Kurikulum tentara adalah kontrak mati pada NKRI, garda terdepan untuk melindungi, menjaga dan menjamin eksistensi NKRI.  Sesungguhnya karakter tentara dan karakter Santri adalah sama, mencintai tanah air, membela tanah air dan pilar-pilar didalamnya.  Tentara hijau daun dan santri hijau daun adalah dua komponen yang saling menguatkan dan menghebatkan. Yang satu dengan kekuatan alutsista, yang satu lagi dengan kekuatan doa.
 
Maka ketika tampilan menggemuruh puluhan ribu santri dan ulama Nusantara di Gunung Lawu beristighosah dan berikrar di pagi sejuk ba’da Subuh, tanpa publikasi luas, itu adalah pesona heroik hijau daun yang ingin menyampaikan pesan indah.
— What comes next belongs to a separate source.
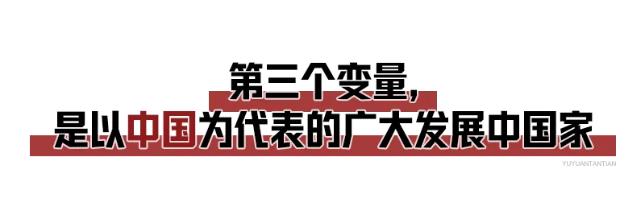 從三個變量，看懂中俄伊的罕見一幕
Bukankah tanah air ini alamnya begitu ramah, bukankah ukhuwah kita begitu barokah, bukankah kebersamaan ini begitu karomah. Bukankah hijau daun itu pesona indah.

Hijau daun itu adalah tentara dan santri. Hijau daun itu adalah amanah, istiqomah, fathonah. Untuk memberikan suasana sejuk dan nyaman ber Indonesia nan indah. Ini bukan soal berpemerintahan, ini soal bernegara. Bagi kita mencintai bangsa ini tidak ada hubungannya dengan siapa yang sedang berkuasa karena bangsa ini lebih mahal nilainya dari sekedar ribut ribut soal kekuasaan dan pemerintahan.  Selamat Hari Santri Nasional 22 Oktober 2017.